SunCommon has announced its participation in the “Low Carbon Dairy” pilot program with Ben & Jerry’s to support Vermont dairy farms. The multi-faceted program offers many different approaches to improving dairy farm sustainability including going solar. One of those farms is the 70+ cow Four Girls Dairy farm in Fairfax, Vermont (named after the owner’s four daughters).
“Our goal is to make it easy for Vermont farmers to go solar,” said James Moore, co-founder at SunCommon and president at iSun. “With Ben & Jerry’s program, we can offer Vermont’s dairy farmers solar options and remove the financial barrier to entry into the renewable energy infrastructure.

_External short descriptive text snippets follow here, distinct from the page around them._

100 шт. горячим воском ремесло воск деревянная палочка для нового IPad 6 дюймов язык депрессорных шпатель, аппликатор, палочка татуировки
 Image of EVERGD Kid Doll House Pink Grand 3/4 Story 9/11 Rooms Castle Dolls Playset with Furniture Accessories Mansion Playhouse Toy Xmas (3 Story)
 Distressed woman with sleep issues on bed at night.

And we can ensure that Vermont’s dairy farms continue to thrive and remain the integral part of the sustainable food system that they are.”
Four Girls Dairy engaged SunCommon to install a 72-kW roof-mounted solar system on its main dairy barn, where the milking parlor, feed stall and offices are located.
The project was made possible by a financing program that SunCommon manages with SunWealth, a clean energy investment firm, and a grant from Ben & Jerry’s. Farmers benefit from a fully funded solar installation with no upfront costs. They then reap the rewards of their solar — offsetting almost all of their electricity usage and receiving credits on their utility bills.
“I always wanted to power the farm with renewable energy,” said Peter Rainville, who took over ownership and management of the farm in 2000 when it was passed down by a family member. “I also wanted to do enough to run the entire farm, but it wasn’t feasible. When the opportunity came from Ben & Jerry’s to work with SunCommon, it was possible.”
To date, SunCommon has worked with 75 farmers in Vermont and New York on solar energy projects.